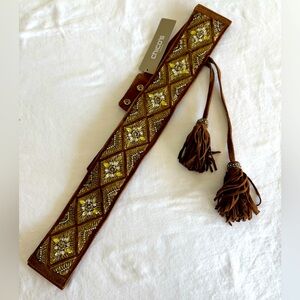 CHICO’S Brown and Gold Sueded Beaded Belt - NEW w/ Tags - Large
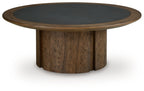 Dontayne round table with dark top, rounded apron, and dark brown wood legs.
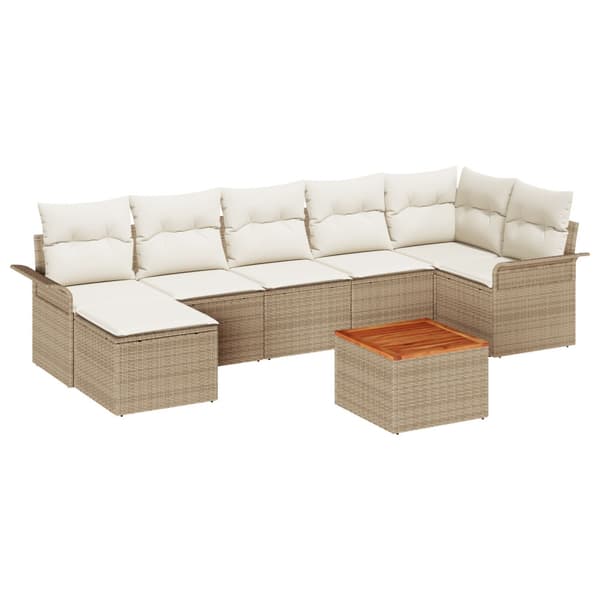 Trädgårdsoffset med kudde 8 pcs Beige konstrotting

...

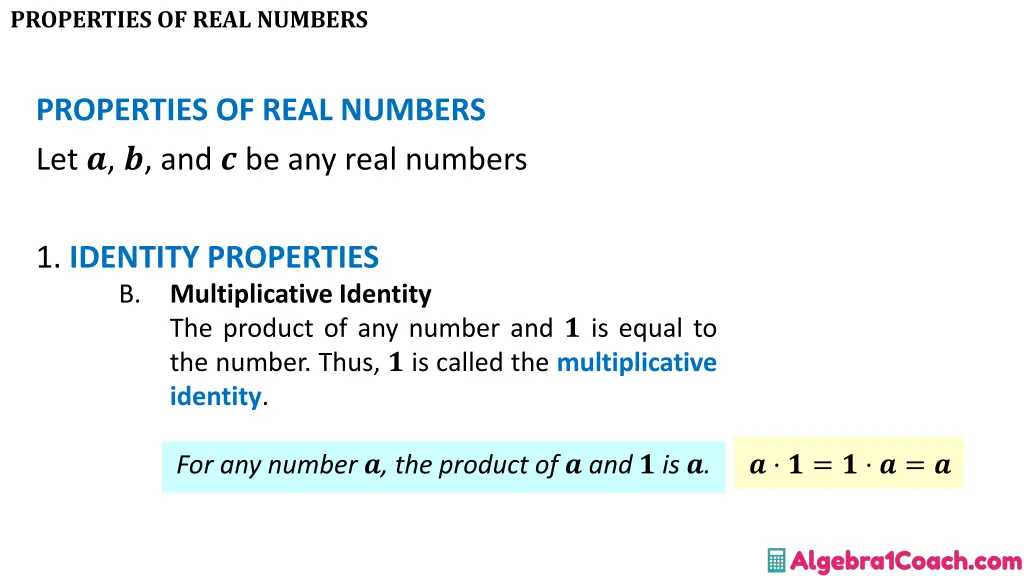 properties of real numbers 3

---

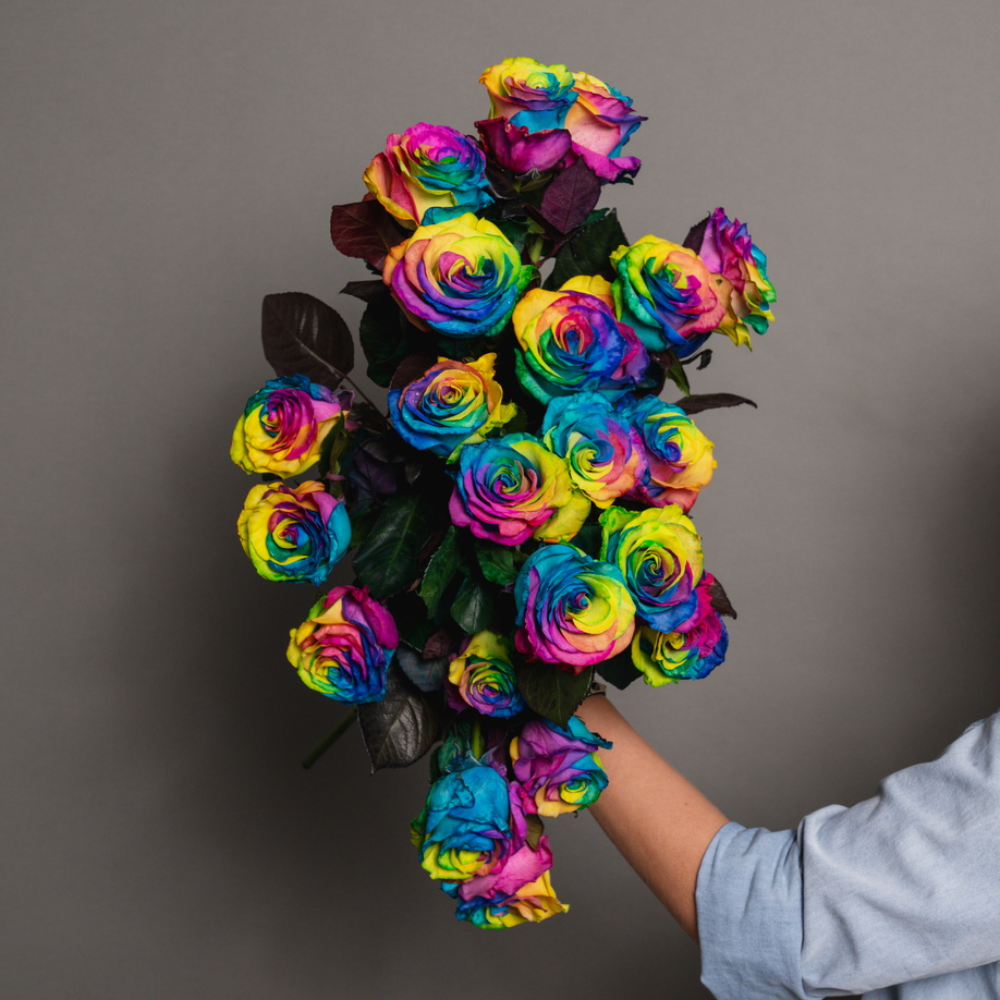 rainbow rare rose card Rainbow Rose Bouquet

● **TASK BRIEF**: Begin at the line in the entries above that has "CHICO’S Brown and", stop after the line that has "Trädgårdsoffset med kudde", and output exactly those lines without pictures.

● **TASK RESULT**:
 CHICO’S Brown and Gold Sueded Beaded Belt - NEW w/ Tags - Large
 Dontayne round table with dark top, rounded apron, and dark brown wood legs.
 Trädgårdsoffset med kudde 8 pcs Beige konstrotting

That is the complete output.